Page MenuHomePhabricator

Solve large-object/stream/pass/chunked in upload cluster better
Closed, ResolvedPublic

Description

Basically, we should adapt the current upload VCL that deals with these issues to more-closely mirror the pattern established recently for this misc cluster in T128813 . Ideally we should resolve that just before/during the Varnish 4 transition of cache_upload.

Old Description:
The basics of the situation look like this:

  1. do_stream is not universally-good (it has negatives about slowing down concurrent requests for the same resource if the response is cacheable/shareable as opposed to "pass"), but for large objects we tend to want to turn it on to avoid taking multiple buffering delays through all of the cache layers.

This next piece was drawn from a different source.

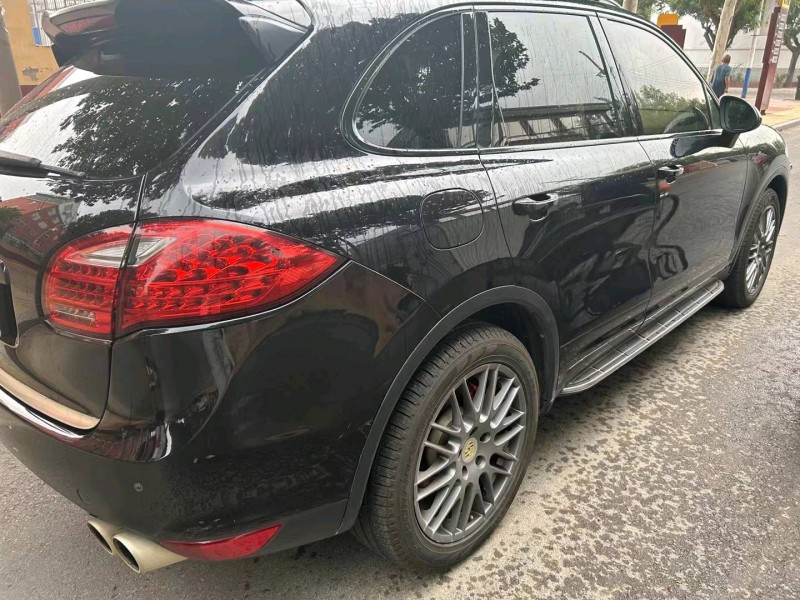 潍坊12年保时捷卡宴8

Therefore, in at least some places we'll want a content-length-sensitive block that turns on beresp.do_stream.
  2. For objects that are even larger than the above threshold, sometimes we want to just create a hit-for-pass object and not cache them at all. This usually only applies to frontend layers, since they have smaller total cache dataset sizes, and it's not very expensive to fetch them from the immediate (local) backend caches.
  3. However: some applayer backends, and sometimes varnish itself for inter-cache requests, use TE:chunked to stream out a response. This means the receiving cache doesn't get a Content-Length header in vcl_fetch on which to conditionally decide on whether to do_stream and/or hit-for-pass.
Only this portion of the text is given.